What House Lawmakers Are Saying

According to Ryan, who introduced the resolution, the amicus brief would represent the entire House of Representatives in an effort to defend the U.S. Constitution, specifically Article I.

"In recent years, the executive branch has been blurring these boundaries, to the point of absolutely overstepping them altogether. As a result, bureaucrats responsible for executing the laws as written are now writing the laws at their whim," said Ryan in defending H.Res.639 and Article I of the Constitution.

"As speaker, I believe the authority of the office that I have been entrusted with by each and every one of you is to protect the authority of this body. I am prepared to make our case," Ryan later said.

Rep. Linda Sánchez, D-Calif., chairwoman of the Congressional Hispanic Caucus and a member of the House Ways and Means Committee, said in a statement that the House resolution is "misguided." She added the resolution attempts to force all lawmakers to block Obama's immigration executive actions, the expanded Deferred Action for Childhood Arrivals (DACA) program and the new Deferred Action for Parental Accountability (DAPA).

"This amicus brief that Speaker Ryan will file on behalf of the entire House of Representatives not only goes against well-established Constitutional precedents but also against our economic interest. The Congressional Budget Office and numerous other researchers have found that immigration raises average wages for U.S. born workers and grows our economy by billions of dollars," said Sánchez. "In my state of California alone, the President's executive action will generate 130,000 jobs and lift 40,000 Californian children out of poverty."

Shortly after noon, H.Res.639 passed, 234 in favor and 186 against. All House Democrats who were present voted against the resolution, along with five Republicans, including Reps. Mario Diaz-Balart and Illeana Ros-Lehtinen of Florida.

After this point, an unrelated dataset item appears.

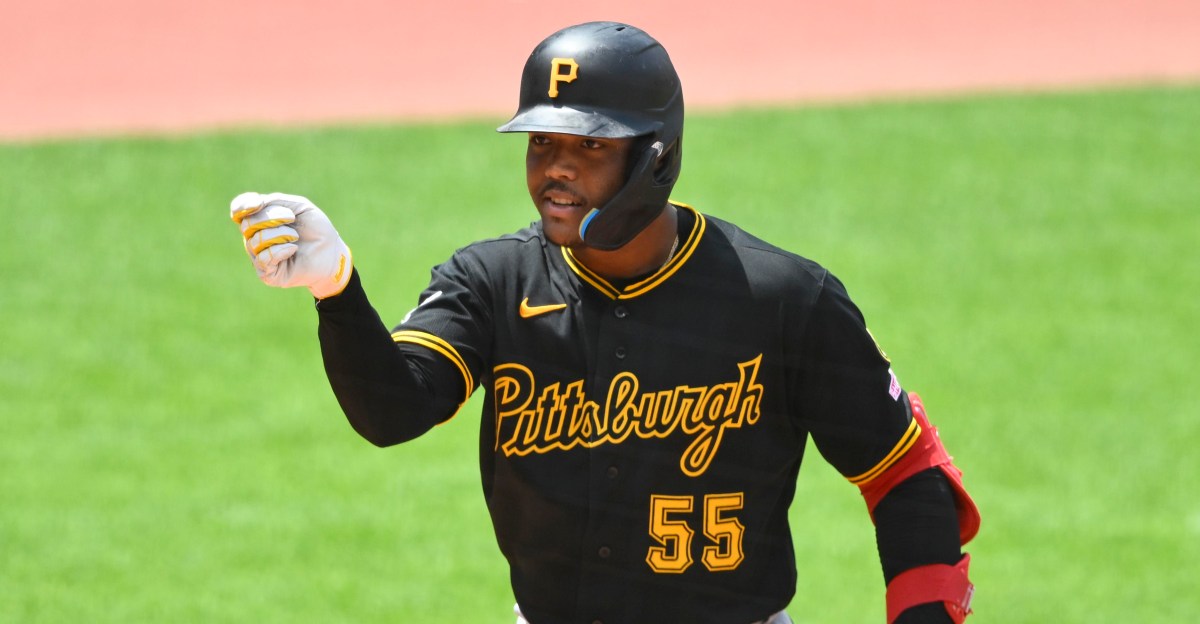 Pirates Esmerlyn Valdez joins record books with latest homer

Latino Groups Speak Out Against House Resolution

Prior to the vote, the National Hispanic Leadership Agenda (NHLA), a coalition of 40 countrywide Latino advocacy organizations, announced its opposition to the resolution.

NHLA Chair Hector Sanchez, who also serves as executive director of the Labor Council for Latin American Advancement, compared Ryan to former Speaker John Boehner, R-Ohio, for not allowing immigration reform legislation into the House. Sanchez noted that the House's inaction is what led Obama to move forward with the executive actions in November 2014.

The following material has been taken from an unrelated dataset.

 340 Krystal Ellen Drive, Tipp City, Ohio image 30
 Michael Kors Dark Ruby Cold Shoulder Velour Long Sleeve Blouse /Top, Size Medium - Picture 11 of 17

"The true intention of the House leadership is clear: they do not want to act and they do not want the president to act," Sanchez said. "Their preference is the perpetuation of a broken immigration system that tears apart families, keeps people in the shadows, exploits workers, undercuts law-abiding businesses, and deprives our economy of the skilled labor it needs to thrive."

"Rather than waste time on a resolution to weigh in with the Supreme Court on a pending case, the Speaker should bring immigration reform legislation to the floor of the House for debate and a vote," he added.

Ben Monterroso, executive director of Mi Familia Vota, a non-profit Latino and immigrant civic engagement organizations, said Ryan's resolution is a direct attack on immigration and promotes hate and divisiveness in politics. He added that Obama's executive actions stand on the right side of history, and he is confident DAPA and DACA's extended guidelines will be approved by the Supreme Court.

"Every day that passes without the implementation of the President's programs, there are millions of families of U.S. born citizens that live under the fear of separation and deportation," said Monterroso. "Our community is watching and will hold accountable those who have stood on the way of our families through the ballots in November."

The Fair Immigration Reform Movement (FIRM) said the group was "outraged" with the resolution's passage. FIRM's Sulma Arias said H.Res.639 advances the GOP's anti-Latino, anti-immigrant, xenophobic agenda and reminded lawmakers that the Latino electorate will play a major key on Election Day this November.

"This November, the Latino and immigrant communities throughout the country will remember those who have been in favor of DACA and DAPA, and those who have been against it. This November there will be 27.3 million Latinos who are eligible to vote and we will do everything in our power to ensure they come out to vote on November 4. Politicians and judges who stand against DAPA and DACA stand against American families and communities," Arias said, adding FIRM will continue to defend Obama's executive actions from politicians "who have been waging a political, hate-filled war against our families."

Ryan's amicus brief comes before the Supreme Court when it starts hearing oral arguments on April 18 about the legality of Obama's 2014 immigration executive actions. The court is scheduled to render a decision in June.